* **GOAL OF THE EXERCISE**
Retype nothing except the lines below from the one with "3384 Us Highway 9, Old Bridge, NJ 08857" through the one with "Рабочая зона у окна", exactly, with images left out.

____ SOURCE MATERIAL

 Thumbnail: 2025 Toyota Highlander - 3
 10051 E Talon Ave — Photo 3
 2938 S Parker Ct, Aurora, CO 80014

________
____ SOURCE MATERIAL

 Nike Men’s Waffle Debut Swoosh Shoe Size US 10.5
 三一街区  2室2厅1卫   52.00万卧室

________
____ SOURCE MATERIAL

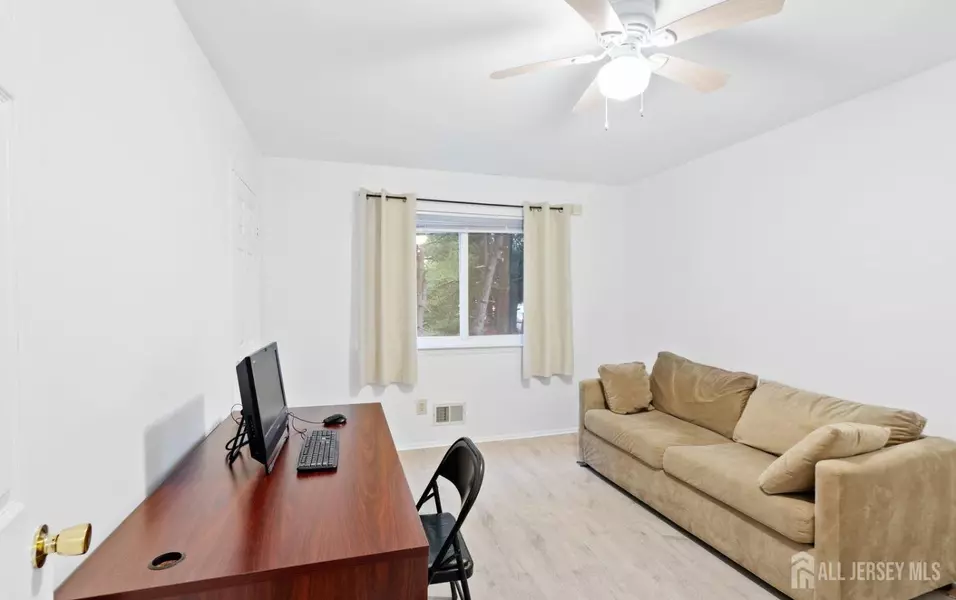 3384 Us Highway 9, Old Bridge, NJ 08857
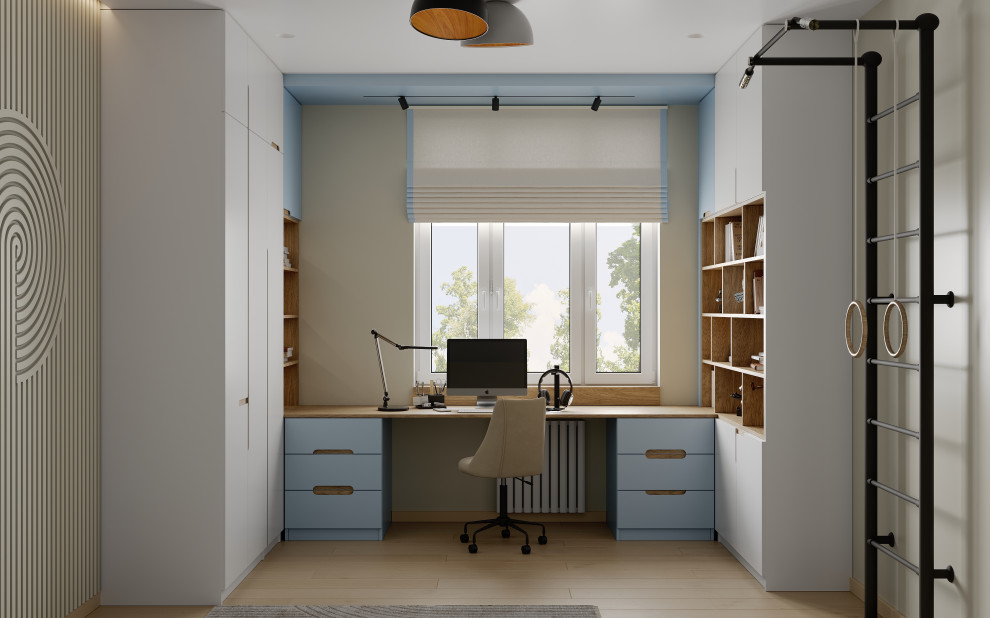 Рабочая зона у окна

________

* **WRITTEN ANSWER**
 3384 Us Highway 9, Old Bridge, NJ 08857
 Рабочая зона у окна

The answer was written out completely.